A new research has indicated that undersea vents are a non-biological source of oil and natural gas.

Washington, Feb 1 : A new research has indicated that undersea vents are a non-biological source of oil and natural gas.

According to a report in Nature News, the analysis was made by researchers in Lost City, a hydrothermal field in the mid-Atlantic.

Here, the researchers found organic molecules in hydrothermal vents, which are being created through organic processes, rather than the more typical decomposition of once-living material.

The Lost City hydrothermal vents, some of which are 60 metres tall, sit above magnesium- and iron-rich deposits called 'ultramafic' rock, the report said.

The minerals contained in the rocks interact with water to produce an environment with plentiful hydrogen, making it chemically favourable for the creation of the hydrocarbon molecules that make up oil and gas, it added.

"Although researchers have seen some evidence for inorganic production of hydrogen in the ocean, Lost City is the first really clear example of a marine, deep-sea world where hydrocarbons are being synthesized abiotically," said Giora Proskurowski of the Woods Hole Oceanographic Institution in Massachusetts, one of the researchers who made the discovery.

To rule out the possibility that the hydrocarbons collected from the vents were created from biological material, the team analysed several different isotopes.

Among other measurements, the team analysed the amount of carbon-13 in methane, which contains one carbon atom, and in hydrocarbons containing two, three, and four carbon atoms.

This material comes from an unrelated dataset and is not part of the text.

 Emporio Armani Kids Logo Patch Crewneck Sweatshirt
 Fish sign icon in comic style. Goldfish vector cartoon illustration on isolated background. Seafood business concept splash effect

As the number of carbon atoms rose, the concentration of carbon-13 fell - the opposite trend to that seen in biologically derived hydrocarbons.

Instead, the pattern of isotopes suggest that a chemical process called the Fischer-Tropsch process is at work in Lost City, creating bigger and bigger hydrocarbons in the hydrogen-rich environment.

The team also found that the methane in Lost City contained no carbon-14, suggesting the carbon source for the hydrocarbons comes from within the mantle, far away from organisms that might have had contact with the global carbon cycle at the surface.